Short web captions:
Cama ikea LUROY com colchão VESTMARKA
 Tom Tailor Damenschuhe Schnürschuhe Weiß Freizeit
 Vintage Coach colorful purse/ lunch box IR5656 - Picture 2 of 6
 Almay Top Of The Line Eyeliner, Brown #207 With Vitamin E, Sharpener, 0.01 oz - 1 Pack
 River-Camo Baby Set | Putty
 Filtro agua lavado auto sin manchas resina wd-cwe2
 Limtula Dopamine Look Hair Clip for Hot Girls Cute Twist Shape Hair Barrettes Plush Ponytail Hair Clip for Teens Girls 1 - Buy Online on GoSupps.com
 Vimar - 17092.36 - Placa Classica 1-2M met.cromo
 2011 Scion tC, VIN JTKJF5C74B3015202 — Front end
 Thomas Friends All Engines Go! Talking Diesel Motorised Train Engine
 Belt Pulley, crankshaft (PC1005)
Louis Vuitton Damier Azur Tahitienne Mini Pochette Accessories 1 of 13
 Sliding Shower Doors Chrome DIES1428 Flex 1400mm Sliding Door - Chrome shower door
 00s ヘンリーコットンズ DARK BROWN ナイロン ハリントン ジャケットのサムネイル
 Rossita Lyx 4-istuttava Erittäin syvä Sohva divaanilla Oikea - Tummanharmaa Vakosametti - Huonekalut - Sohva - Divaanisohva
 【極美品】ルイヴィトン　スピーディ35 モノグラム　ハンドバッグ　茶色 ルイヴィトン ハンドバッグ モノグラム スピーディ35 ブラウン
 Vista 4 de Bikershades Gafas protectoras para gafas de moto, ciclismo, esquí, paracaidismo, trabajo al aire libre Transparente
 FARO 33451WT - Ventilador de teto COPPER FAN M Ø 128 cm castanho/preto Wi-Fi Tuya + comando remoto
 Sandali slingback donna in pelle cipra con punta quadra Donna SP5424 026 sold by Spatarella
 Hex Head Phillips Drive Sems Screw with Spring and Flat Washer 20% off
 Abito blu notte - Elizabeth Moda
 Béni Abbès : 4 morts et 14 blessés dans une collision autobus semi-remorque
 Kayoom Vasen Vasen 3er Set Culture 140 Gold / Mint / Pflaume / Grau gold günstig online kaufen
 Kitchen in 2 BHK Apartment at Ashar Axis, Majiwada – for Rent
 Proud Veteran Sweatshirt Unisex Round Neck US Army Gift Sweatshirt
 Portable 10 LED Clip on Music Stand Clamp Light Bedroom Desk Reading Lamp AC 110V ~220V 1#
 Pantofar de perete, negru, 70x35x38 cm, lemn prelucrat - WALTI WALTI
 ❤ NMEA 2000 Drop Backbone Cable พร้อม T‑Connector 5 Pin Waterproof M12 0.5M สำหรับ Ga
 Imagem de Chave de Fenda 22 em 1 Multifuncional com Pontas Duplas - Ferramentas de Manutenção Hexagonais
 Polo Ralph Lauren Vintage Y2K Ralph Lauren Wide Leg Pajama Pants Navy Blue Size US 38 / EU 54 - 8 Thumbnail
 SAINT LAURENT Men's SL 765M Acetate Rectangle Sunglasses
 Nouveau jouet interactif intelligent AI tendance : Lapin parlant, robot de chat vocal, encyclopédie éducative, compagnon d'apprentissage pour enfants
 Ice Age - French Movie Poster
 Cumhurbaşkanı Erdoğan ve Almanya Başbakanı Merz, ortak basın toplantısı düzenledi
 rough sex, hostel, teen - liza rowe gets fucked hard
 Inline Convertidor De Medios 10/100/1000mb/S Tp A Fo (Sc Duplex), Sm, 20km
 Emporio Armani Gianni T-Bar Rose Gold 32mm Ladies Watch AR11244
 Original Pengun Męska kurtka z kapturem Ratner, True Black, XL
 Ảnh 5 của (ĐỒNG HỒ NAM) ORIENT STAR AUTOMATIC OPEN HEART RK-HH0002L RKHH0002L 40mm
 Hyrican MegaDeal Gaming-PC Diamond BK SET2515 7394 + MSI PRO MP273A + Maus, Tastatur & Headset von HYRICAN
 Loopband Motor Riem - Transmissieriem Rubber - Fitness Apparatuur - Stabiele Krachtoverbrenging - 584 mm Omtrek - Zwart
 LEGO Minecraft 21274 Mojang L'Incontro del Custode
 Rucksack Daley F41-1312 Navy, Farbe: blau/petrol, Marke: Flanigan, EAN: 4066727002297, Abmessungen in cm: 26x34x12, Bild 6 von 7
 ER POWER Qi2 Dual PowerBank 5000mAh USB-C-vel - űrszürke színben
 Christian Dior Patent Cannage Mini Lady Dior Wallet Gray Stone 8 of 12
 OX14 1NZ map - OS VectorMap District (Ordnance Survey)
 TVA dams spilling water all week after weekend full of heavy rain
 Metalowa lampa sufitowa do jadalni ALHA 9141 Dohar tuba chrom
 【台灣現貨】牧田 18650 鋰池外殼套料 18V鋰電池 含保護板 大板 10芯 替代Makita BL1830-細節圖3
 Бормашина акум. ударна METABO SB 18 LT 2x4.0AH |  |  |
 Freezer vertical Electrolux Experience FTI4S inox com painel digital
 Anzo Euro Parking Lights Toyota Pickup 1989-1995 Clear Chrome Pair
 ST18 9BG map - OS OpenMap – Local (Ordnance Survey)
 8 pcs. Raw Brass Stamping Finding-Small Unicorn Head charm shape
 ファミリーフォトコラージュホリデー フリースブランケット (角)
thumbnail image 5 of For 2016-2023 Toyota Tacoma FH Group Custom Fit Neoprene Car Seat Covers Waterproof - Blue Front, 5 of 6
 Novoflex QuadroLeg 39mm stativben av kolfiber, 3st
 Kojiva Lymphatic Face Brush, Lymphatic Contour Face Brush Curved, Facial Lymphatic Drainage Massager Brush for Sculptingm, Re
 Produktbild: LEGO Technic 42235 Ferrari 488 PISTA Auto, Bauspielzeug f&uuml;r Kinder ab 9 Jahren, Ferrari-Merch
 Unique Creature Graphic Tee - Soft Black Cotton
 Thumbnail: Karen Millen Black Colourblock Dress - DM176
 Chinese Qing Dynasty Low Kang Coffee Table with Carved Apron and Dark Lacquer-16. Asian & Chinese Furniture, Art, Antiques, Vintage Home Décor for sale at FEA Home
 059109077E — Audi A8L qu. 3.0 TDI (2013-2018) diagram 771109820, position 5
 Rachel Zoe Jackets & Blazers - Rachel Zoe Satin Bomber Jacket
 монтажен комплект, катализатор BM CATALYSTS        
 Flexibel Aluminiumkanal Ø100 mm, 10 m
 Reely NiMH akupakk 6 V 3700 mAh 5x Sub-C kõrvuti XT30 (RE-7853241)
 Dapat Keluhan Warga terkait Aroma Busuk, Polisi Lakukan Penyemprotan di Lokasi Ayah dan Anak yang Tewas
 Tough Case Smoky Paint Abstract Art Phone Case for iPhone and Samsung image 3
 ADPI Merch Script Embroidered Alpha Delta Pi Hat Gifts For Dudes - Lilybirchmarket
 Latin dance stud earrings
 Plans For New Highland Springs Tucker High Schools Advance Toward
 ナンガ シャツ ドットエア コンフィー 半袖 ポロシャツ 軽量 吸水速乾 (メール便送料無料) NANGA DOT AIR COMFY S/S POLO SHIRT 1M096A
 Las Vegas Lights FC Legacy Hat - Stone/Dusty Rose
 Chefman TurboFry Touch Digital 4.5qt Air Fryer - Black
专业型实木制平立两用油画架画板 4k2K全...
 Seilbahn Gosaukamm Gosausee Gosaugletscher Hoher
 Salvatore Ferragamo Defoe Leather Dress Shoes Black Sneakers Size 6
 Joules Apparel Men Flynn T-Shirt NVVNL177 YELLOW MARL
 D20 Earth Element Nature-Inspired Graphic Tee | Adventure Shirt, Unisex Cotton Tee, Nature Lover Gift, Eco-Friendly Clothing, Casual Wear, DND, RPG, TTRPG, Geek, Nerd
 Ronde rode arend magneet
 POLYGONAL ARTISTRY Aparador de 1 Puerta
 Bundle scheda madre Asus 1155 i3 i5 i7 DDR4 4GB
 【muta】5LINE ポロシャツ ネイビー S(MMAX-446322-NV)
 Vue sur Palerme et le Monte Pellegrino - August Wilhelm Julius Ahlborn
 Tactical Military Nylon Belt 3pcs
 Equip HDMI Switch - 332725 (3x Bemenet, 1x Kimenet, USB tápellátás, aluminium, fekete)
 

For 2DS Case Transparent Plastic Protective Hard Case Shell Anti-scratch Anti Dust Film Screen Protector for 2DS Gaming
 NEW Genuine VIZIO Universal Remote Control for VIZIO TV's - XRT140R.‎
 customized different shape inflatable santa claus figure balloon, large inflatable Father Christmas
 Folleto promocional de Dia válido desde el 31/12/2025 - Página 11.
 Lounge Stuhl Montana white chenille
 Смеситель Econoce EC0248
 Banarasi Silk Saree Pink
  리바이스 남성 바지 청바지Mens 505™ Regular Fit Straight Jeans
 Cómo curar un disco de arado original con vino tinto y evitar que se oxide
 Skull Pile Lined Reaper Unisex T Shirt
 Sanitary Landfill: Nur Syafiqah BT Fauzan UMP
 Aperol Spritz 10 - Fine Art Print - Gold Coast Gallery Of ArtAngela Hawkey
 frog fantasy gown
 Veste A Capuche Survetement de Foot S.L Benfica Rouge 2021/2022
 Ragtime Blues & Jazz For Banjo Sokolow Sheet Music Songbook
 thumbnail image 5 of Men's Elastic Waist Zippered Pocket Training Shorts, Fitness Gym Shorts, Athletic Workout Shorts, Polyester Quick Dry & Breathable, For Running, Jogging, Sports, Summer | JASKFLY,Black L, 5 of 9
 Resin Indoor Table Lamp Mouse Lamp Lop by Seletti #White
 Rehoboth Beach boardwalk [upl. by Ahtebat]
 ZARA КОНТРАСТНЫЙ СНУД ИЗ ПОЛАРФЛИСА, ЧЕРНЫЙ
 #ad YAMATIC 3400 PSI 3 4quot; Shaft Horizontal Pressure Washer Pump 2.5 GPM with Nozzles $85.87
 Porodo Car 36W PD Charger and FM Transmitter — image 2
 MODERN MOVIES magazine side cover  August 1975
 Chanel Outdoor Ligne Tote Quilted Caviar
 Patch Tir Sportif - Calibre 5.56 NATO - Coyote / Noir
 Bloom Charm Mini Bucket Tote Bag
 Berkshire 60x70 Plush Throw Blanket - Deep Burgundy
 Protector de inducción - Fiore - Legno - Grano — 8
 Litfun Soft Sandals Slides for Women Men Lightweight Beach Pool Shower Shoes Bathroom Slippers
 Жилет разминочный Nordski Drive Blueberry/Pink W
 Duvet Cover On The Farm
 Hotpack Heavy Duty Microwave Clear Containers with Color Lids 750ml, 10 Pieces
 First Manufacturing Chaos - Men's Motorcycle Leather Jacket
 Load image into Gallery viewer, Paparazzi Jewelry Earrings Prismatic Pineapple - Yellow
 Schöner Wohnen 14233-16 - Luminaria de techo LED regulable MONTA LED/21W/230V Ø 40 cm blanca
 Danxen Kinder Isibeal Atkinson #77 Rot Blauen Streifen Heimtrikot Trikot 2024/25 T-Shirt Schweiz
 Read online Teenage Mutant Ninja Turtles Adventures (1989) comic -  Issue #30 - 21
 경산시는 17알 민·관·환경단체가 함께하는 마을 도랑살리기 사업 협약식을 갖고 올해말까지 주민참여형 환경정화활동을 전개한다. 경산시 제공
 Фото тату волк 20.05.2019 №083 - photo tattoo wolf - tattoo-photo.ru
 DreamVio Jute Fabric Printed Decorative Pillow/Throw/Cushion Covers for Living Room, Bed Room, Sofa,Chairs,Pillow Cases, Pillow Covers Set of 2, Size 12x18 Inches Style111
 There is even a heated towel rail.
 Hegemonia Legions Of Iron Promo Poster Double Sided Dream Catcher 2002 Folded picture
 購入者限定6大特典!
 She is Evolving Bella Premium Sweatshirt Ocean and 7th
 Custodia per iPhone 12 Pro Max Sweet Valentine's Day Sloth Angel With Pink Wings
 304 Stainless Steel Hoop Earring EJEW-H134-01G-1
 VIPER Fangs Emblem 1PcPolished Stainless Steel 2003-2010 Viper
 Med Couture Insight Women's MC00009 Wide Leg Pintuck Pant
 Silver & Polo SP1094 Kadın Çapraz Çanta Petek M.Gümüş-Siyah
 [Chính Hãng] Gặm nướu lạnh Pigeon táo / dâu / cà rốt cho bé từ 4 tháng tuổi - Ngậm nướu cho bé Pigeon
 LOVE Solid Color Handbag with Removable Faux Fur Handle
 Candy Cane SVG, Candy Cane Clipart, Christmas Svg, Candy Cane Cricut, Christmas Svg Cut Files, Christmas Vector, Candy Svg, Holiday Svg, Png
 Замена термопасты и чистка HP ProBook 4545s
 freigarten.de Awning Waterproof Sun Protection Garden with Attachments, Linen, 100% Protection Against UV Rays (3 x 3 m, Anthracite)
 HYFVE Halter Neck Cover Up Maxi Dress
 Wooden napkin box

Action item: Repeat exactly, and only, the lines of the records above, starting with the line that contains "Custodia per iPhone" and ending with the final line, both included.

Completed task:
 Custodia per iPhone 12 Pro Max Sweet Valentine's Day Sloth Angel With Pink Wings
 304 Stainless Steel Hoop Earring EJEW-H134-01G-1
 VIPER Fangs Emblem 1PcPolished Stainless Steel 2003-2010 Viper
 Med Couture Insight Women's MC00009 Wide Leg Pintuck Pant
 Silver & Polo SP1094 Kadın Çapraz Çanta Petek M.Gümüş-Siyah
 [Chính Hãng] Gặm nướu lạnh Pigeon táo / dâu / cà rốt cho bé từ 4 tháng tuổi - Ngậm nướu cho bé Pigeon
 LOVE Solid Color Handbag with Removable Faux Fur Handle
 Candy Cane SVG, Candy Cane Clipart, Christmas Svg, Candy Cane Cricut, Christmas Svg Cut Files, Christmas Vector, Candy Svg, Holiday Svg, Png
 Замена термопасты и чистка HP ProBook 4545s
 freigarten.de Awning Waterproof Sun Protection Garden with Attachments, Linen, 100% Protection Against UV Rays (3 x 3 m, Anthracite)
 HYFVE Halter Neck Cover Up Maxi Dress
 Wooden napkin box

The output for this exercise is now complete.